You added this to three articles (WEKA, k-means and this, so I reverted all three...):
GPL-V3 Java implementations of more than 80 data mining algorithms. It offers an efficient Java implementation of the DBScan algorithm using a KD-Tree that is easy to integrate in other Java software. A GUI and command line interface is provided.
This is advertisement text. — Preceding unsigned comment added by 94.216.196.253 (talk) 23:43, 8 March 2015 (UTC)Reply
The SPMF library is relevant. If you think that there is a problem with the writing style, which is subjective, I suggest to rewrite rather than deleting. You only need to remove the part that you think is inappropriate. I will put back the text for Weka and K-Means page but I will rewrite it differently. Again, if you have a problem with the text, you can rewrite. — Preceding unsigned comment added by 99.252.71.54 (talk) 01:17, 9 March 2015 (UTC)Reply

Discretization of the space for the graph analogy

edit

I am not sure how important this is for experienced readers, but the fact that a possibly continuous space is seen as a graph should be made explicit; I would like to talk about edges and paths only once the following points are put: -every point in the space is a node -there exists an edge (x,y) if d(x,y)<=e Thank you! Reim (talk) 12:17, 1 July 2015 (UTC)Reply

Negative description about other software

edit

I just came back to this page after a few months and read that the description of SPMF has been changed to that: "* SPMF offers a minimalistic GPL-V3 Java implementation of the DBSCAN algorithm for Euclidean distance only with KD-Tree support, that often doesn't yield any result at all." According to the IP address, it seems that the text has been rewritten by authors of the Elki software. It is claimed that it often yield no result. But I run the algorithm and there is definitely a result that is produced. If a bug has been found such that it does not produce result in some cases (which need to be demonstrated) what about reporting it so that it can be fixed like most users do when finding a bug, instead of writing some very negative description on Wikipedia. I mean, you can promote your software without writing negative stuff like that about other software. Besides, there is more than one distance function offered in SPMF (subclasses of DistanceFunction). This has just not been mentioned very clearly in the SPMF documentation. The documentation and code has been updated to make this clearer and fix that. I have now fixed the description in the Wikipedia article. In the future, if you find a bug, report it to me, and I will fix it. I'm the founder of SPMF. ~~ 

Relation to Friends-of-Friends algorithm.

edit

The algorithm is widely used in cosmology to identify dark matter halos from simulations, under the name FOF (friends-of-friends):

The FOF algorithm was described and studied on Page 382, Section e) multiplicity functions of

http://adsabs.harvard.edu/abs/1985ApJ...292..371D

This use was much earlier than the 1996 paper.

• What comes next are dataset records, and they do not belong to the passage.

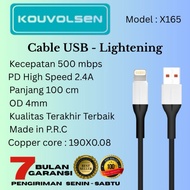 KOUVOLSEN Fast Charging Cable USB - Lightening 2.4A, Charger Cable hp 2.4A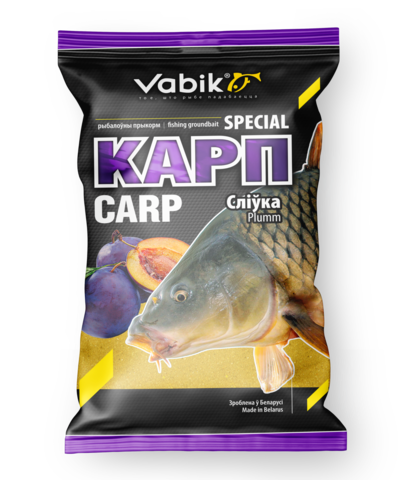 Прикормка Vabik SPECIAL Карп Слива 1кг 10 шт/уп.
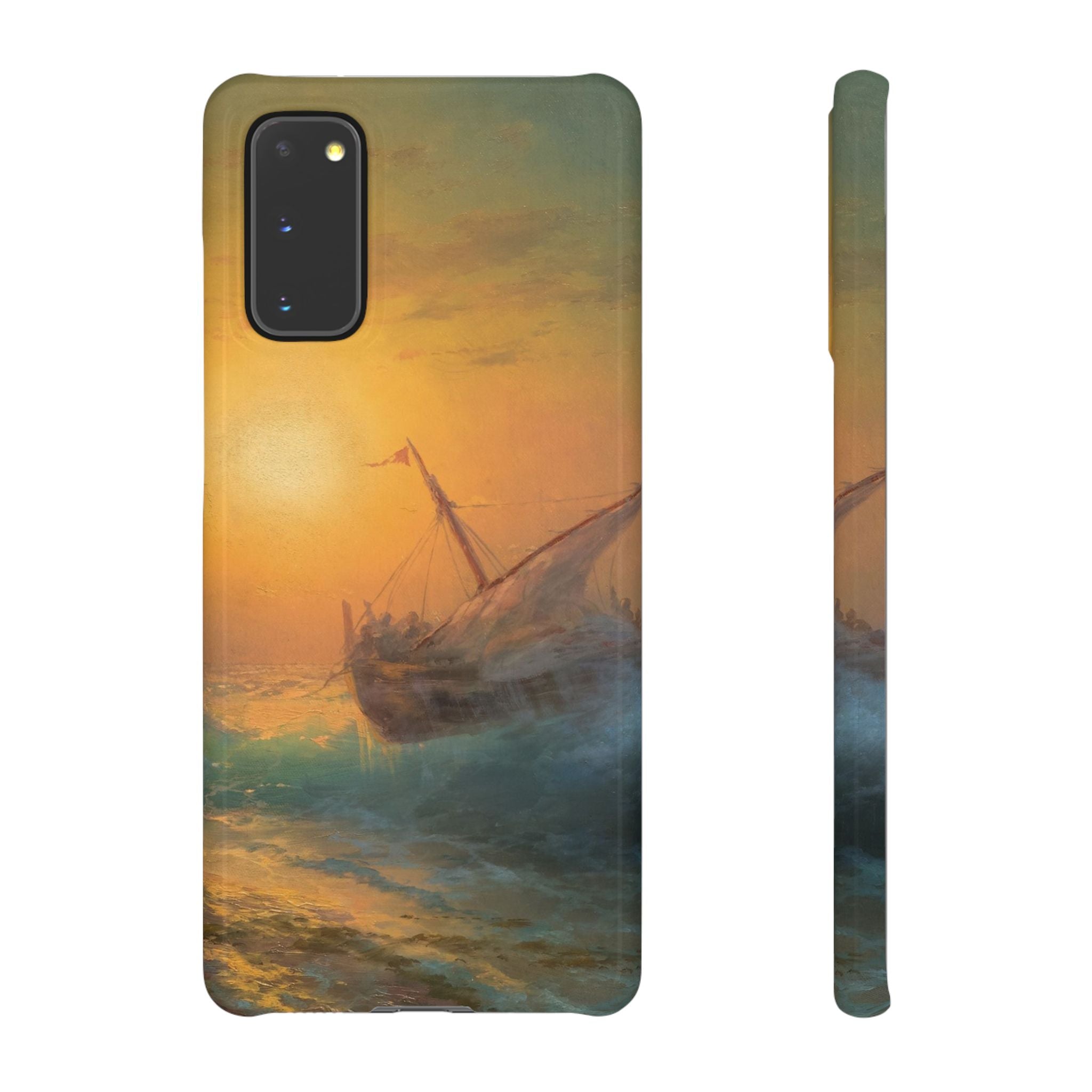 Stormy Sea at Sunset by Ivan Aivazovsky - Samsung Slim Case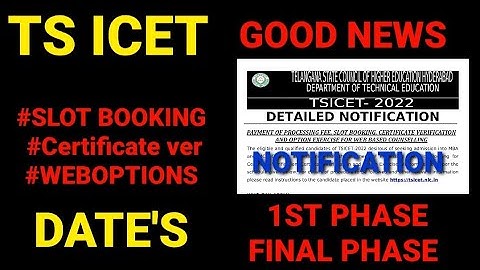 TS ICET 2022 OFFICIAL NOTIFICATION RELEASED|DETAILED NOTIFICATION|#tsicet #tsicet2022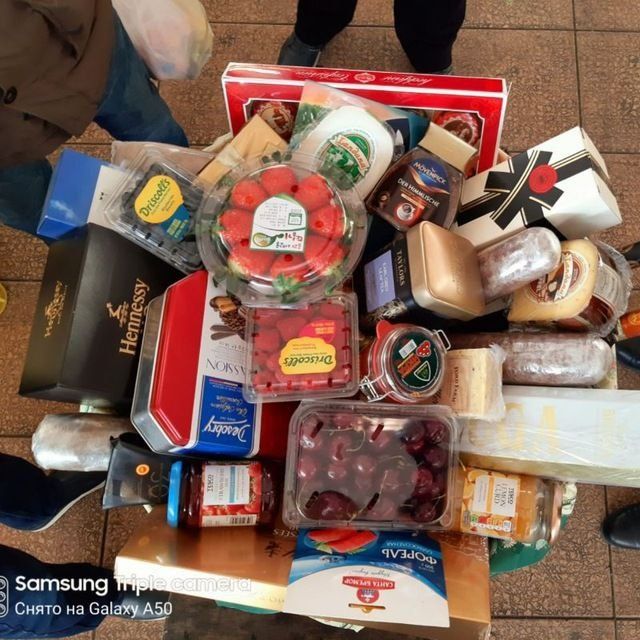 Корзины и фруктовое искусство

There is a short discussion about FOF and DBSCAN under the discussion under 'related work' on page 4 of

http://homes.cs.washington.edu/~magda/papers/kwon-ssdbm10.pdf

FOF is the special case where minPTS == 1. Although with FOF objects with less than (typically 32) points are removed from the catalogue.

Based on this I propose we add a sentence somewhere in this article:

  a special case of DBSCAN, known as Friends-of-friends
  algorithm was first proposed by Davis et al 1985 and still widely used in cosmology.

Objections?

Yu Feng Rainwoodman (talk) 20:03, 18 September 2015 (UTC)Reply

The pointless case of minPts < 2 is also a special case of single-link hierarchical clustering, and this kind of clustering was discussed already by Sneath 1957. I doubt "FOF" is the first. It's nothing but the transitive closure of the neighbor relation, and not worth being called an "algorithm" at all - transitive closures are a well understood and old mathematical concept. Did Davis discuss anything to make it fast? 93.204.126.210 (talk) 08:42, 19 September 2015 (UTC)Reply
The article already discusses this:

The low value of minPts = 1 does not make sense, as then every point on its own will already be a cluster. With minPts = 2, the result will be the same as of hierarchical clustering with the single link metric, with the dendrogram cut at height ε.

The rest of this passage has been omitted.